After H&M and Nike were boycotted by Chinese shoppers this week, British designer Burberry is the first luxury brand to be targeted in a backlash against Western sanctions imposed over alleged human rights abuses in the Xinjiang region. As of now, the region is one of the world’s top cotton producers.
The latest row comes after the US, UK, Canada and the EU imposed sanctions on China this week targeting senior officials in Xinjiang who they say are overseeing forced labour, sexual abuse and rape, and mass detention of Uighur and ethnic minority groups in the region. China has denied this and accused the Western nations of “disinformation,” while it has imposed its own sanctions on European and UK officials in retaliation.
On Thursday 25 March, Burberry’s brand ambassador and actress Zhou Dongyu halted her contract with the brand, with her agency saying the luxury company had not “clearly and publicly stated its stance on cotton from Xinjiang,” according to a statement reported by Reuters.
One Hong Kong lawmaker said she would no longer buy Burberry products.
According to Forbes, the brand’s trademark beige, black and red plaid was also removed Thursday from one of China’s best-performing video games, Tencent-owned Honor of Kings, days after the partnership between Burberry and the video game was announced.
The decision was linked to Burberry’s membership of the Better Cotton Initiative (BCI), a cotton sustainability project that last year suspended its links to Xinjiang over alleged human rights and labour abuses. In recent months, pressure has mounted on retailers to cut the use of Xinjiang cotton as growing evidence suggests that up to a million people from the region’s majority Muslim Uighur population have been detained in labour camps where they were allegedly forced to pick cotton and work for garment makers.
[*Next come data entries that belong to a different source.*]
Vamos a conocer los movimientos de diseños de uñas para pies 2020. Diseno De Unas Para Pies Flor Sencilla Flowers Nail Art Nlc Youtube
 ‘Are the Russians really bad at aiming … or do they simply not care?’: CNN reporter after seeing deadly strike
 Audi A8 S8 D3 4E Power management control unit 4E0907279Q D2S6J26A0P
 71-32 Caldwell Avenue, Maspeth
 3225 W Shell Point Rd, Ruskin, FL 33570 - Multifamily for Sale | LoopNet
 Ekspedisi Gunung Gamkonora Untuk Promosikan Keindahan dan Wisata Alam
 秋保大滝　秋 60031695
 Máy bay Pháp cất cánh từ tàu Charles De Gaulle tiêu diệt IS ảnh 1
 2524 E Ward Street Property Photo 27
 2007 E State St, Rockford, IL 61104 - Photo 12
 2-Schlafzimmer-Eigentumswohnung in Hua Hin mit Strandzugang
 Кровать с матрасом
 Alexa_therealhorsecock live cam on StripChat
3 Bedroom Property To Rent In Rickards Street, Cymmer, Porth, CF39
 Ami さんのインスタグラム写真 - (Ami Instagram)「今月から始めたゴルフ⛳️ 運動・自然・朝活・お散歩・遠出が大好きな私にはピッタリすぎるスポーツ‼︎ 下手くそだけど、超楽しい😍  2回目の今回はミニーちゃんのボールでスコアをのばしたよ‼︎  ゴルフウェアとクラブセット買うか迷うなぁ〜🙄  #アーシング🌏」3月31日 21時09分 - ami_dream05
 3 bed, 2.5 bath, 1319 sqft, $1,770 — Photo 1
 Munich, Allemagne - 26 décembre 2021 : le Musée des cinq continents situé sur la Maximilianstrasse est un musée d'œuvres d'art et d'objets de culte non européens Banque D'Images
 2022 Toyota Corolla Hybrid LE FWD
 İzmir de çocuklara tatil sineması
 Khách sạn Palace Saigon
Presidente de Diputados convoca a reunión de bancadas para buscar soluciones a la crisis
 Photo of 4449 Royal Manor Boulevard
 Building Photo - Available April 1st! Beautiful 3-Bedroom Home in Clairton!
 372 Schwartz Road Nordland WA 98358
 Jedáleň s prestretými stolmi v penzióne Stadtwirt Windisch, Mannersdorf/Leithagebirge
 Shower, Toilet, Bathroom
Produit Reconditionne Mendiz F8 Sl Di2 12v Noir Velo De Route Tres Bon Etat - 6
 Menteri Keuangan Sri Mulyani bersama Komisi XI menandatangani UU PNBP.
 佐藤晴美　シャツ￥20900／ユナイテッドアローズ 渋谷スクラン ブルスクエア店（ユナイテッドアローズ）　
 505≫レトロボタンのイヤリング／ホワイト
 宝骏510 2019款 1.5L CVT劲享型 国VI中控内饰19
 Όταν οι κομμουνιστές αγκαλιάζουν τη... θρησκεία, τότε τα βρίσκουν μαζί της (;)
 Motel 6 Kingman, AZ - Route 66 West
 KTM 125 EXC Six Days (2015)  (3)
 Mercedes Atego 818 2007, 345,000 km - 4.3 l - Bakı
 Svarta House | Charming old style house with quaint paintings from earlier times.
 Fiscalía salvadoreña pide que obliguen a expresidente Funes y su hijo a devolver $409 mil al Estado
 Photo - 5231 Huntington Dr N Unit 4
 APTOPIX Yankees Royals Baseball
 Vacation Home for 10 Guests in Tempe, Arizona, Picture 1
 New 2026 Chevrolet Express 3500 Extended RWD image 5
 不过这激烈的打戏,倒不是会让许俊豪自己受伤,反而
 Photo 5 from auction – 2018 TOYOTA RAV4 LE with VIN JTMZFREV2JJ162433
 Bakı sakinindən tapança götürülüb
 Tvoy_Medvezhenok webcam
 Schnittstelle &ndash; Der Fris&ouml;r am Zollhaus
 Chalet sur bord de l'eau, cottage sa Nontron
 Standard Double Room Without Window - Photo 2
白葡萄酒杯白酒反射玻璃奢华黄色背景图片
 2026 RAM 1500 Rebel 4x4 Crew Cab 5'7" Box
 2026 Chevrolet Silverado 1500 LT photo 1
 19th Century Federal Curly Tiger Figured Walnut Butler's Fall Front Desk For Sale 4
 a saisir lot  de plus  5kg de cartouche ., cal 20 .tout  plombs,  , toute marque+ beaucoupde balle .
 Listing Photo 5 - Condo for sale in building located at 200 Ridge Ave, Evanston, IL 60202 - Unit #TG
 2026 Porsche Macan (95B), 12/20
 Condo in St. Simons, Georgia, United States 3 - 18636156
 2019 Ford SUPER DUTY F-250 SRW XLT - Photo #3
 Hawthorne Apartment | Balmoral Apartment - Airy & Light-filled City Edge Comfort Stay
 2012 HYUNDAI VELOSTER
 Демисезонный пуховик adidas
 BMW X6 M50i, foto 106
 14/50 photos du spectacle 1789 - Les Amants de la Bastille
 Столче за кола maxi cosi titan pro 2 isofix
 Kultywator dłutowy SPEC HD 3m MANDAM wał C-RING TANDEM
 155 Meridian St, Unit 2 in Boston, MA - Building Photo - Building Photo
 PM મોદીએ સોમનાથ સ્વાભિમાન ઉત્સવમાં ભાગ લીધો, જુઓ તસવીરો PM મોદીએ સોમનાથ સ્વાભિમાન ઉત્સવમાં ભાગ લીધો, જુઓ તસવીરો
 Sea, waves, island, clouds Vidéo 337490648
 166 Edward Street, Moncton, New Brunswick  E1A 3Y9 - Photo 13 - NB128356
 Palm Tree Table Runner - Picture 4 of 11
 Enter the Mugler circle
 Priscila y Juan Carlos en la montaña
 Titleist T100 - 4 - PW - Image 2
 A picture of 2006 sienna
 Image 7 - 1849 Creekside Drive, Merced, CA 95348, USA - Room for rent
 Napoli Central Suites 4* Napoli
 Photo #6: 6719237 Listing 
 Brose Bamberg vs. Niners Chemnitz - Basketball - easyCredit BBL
The backlash appeared to begin when the Communist Party’s Youth League on Wednesday called attention to a statement initially issued by the Swedish company H&M last year. It also prompted users to look for previously issued statements by other foreign retailers on Xinjiang, such as Nike.
The original statement from H&M said it was “deeply concerned by reports from civil society organizations and media that include accusations of forced labor and discrimination of ethnoreligious minorities in Xinjiang.”
The Nike statement is undated and reads: “We are concerned about reports of forced labor in, and connected to, the Xinjiang Uighur Autonomous Region. Nike does not source products from the XUAR and we have confirmed with our contract suppliers that they are not using textiles or spun yarn from the region.”
While Burberry has not yet responded to the accusations it is facing, the company has banned the use of Xinjiang cotton and told the UK government business committee in November: “We do not have any operations in Xinjiang, nor work with any suppliers based there.”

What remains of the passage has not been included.